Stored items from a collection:

>>>>

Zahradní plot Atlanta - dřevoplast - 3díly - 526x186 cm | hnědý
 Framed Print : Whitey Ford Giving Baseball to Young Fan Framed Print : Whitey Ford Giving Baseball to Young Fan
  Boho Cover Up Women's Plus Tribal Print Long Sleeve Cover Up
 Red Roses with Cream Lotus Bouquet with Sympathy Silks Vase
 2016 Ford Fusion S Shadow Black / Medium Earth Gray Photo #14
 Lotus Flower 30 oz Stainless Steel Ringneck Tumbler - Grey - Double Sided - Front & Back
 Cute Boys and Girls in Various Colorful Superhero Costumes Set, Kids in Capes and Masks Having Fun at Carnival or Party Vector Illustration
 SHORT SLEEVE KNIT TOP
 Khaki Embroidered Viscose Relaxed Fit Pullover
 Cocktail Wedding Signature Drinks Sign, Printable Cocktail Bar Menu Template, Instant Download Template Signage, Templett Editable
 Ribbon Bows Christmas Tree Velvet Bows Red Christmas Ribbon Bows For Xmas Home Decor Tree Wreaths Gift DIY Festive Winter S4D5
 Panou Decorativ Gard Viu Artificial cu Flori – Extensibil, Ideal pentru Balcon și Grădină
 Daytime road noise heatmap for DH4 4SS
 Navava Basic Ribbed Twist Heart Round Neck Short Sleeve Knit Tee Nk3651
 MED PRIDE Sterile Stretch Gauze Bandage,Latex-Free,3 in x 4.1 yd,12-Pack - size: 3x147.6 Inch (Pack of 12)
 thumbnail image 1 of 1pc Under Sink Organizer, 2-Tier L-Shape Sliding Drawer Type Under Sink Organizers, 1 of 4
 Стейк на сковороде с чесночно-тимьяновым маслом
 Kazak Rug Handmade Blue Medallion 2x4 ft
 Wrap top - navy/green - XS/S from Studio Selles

<<<<

Whenever the string "Ford" shows up in a line of the records, copy that line.

Task response
 Framed Print : Whitey Ford Giving Baseball to Young Fan Framed Print : Whitey Ford Giving Baseball to Young Fan
 2016 Ford Fusion S Shadow Black / Medium Earth Gray Photo #14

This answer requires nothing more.